Marian Robinson, the mother of former first lady Michelle Obama, said in an interview that aired Wednesday on “CBS This Morning” that she kept a low profile during her son-in-law’s administration because she feared making a faux pas.

“I figured if I didn’t say anything, I wouldn’t say the wrong thing,” she said in a rare TV interview alongside her daughter, who is publicizing her new memoir, “Becoming.”

But though Robinson shied away from publicity, in private she was the most popular resident at the White House, her daughter told CBS’s Gayle King. Michelle Obama said staffers would frequently visit Robinson’s quarters. “She had a stream of people," she said. “Grandma’s room was like the confessional. They would come by and unload.”

Robinson’s own admission? Her first reaction to her son-in-law’s election was fear.

“I felt like this was going to be a hard life," she said. “I was worried about their safety and about the girls.”

When Robinson moved in with the Obamas, it helped create a sense of normalcy for Malia and Sasha, then 10 and 7. As part of the down-to-earth grounding, Robinson said she persuaded White House staff to let her do her own laundry. And Obama recalled that she taught the girls how to do their own, too, saying they visited Robinson for “laundry lessons.”


Michelle Obama, left; her mother, Marian Robinson; and daughter Sasha arrive in Bariloche, Argentina, in 2016. (Natacha Pisarenko/AP)

Another way Robinson offset the decidedly not-normal environs was to ride with the girls' motorcade to school. “Mom would ride in the car to make them feel like a regular car pool,” Obama said.

The interview ended on a sweet note when King asked Robinson what about her daughter made her the proudest.

“When I grow up I would like to be like Michelle Obama,” she answered.

Which seemed to touch the former first lady. “Mommy!” she said.

In a separate interview with King, Obama also recalled the most “painful” chapter of her book to write, about her experience on the campaign trail for her husband’s presidential run in 2008.

“My whole persona was distorted — I was called an ‘angry black woman,’ Barack’s ‘baby mama,’ that I didn’t love my country,” Obama recalled. She said those comments and her struggle are often now eclipsed by the popularity she enjoys. But, she said, “It’s important to remember that.”
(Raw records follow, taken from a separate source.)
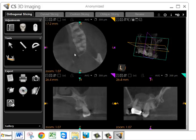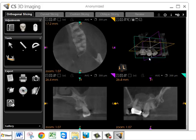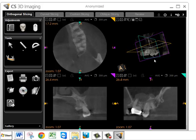You'll notice that the three windows are color-coded. The yellow is the axial view, which is a slice that's parallel with the floor. The purple is the coronal view, which is a slice from ear to ear. And the green is the sagittal slice, from front to back.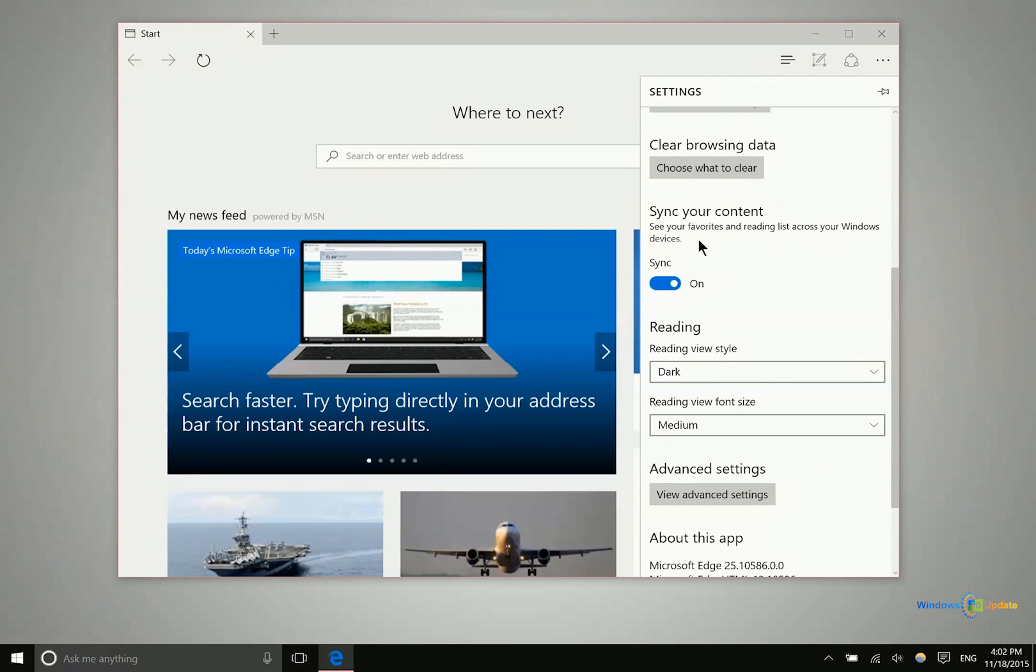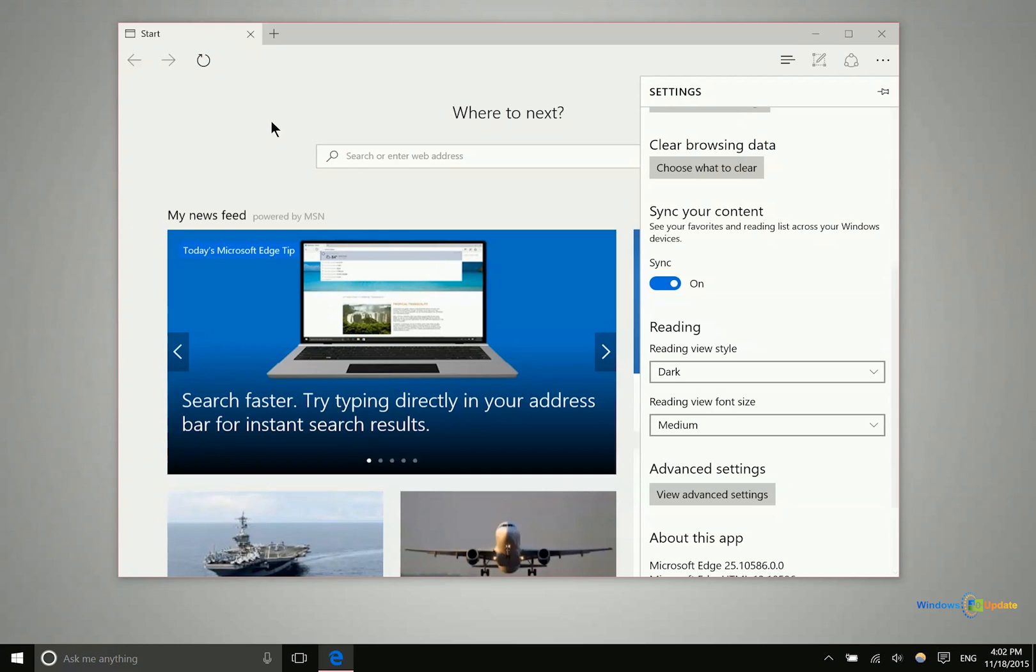As well it is going to sync your favorites and your reading list across these different devices. So that can be very helpful. We haven't heard anything about tab syncing but I would assume that at some point in the future Microsoft will be adding that feature.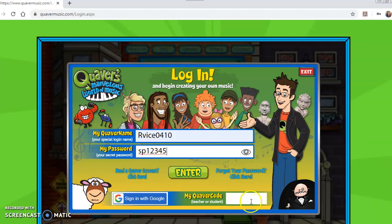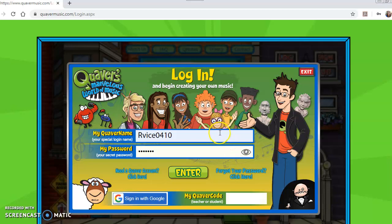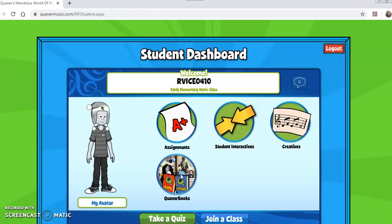Once you've entered your username and password, you're going to put in the Quaver code. We want to use RJ's actual username and password, so I'm going to do that. If you don't have the Quaver code it's not going to work, so it's super important that you know what your code is. For our littles — Pre-K all the way to second grade — your Quaver code is R-C-Y-4-H. Then you hit enter and, ta-da, you go to the student dashboard!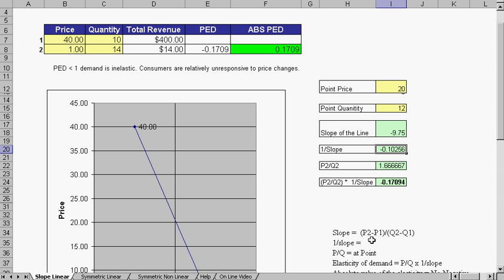We arrive at our slope by the calculations of P2 minus P1 divided by Q2 minus Q1. Here's our slope.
Obama also talked about her famous line, “when they go low, we go high,” saying she still believes in the maxim despite the current state of political rhetoric.

Going low, she said, means that you’re operating out of emotion — and that you probably won’t get results, she said.

“Vindication in the moment is so short term,” she said.

“When you’re in the White House and you have that platform and that responsibility where every word matters, you know, you’re often thinking — at least Barack and I often thought — is what we’re about to say going to help? Is it going to move the needle forward? Or is it just going to make us feel vindicated in the moment?” Obama said. “The goal is moving forward.”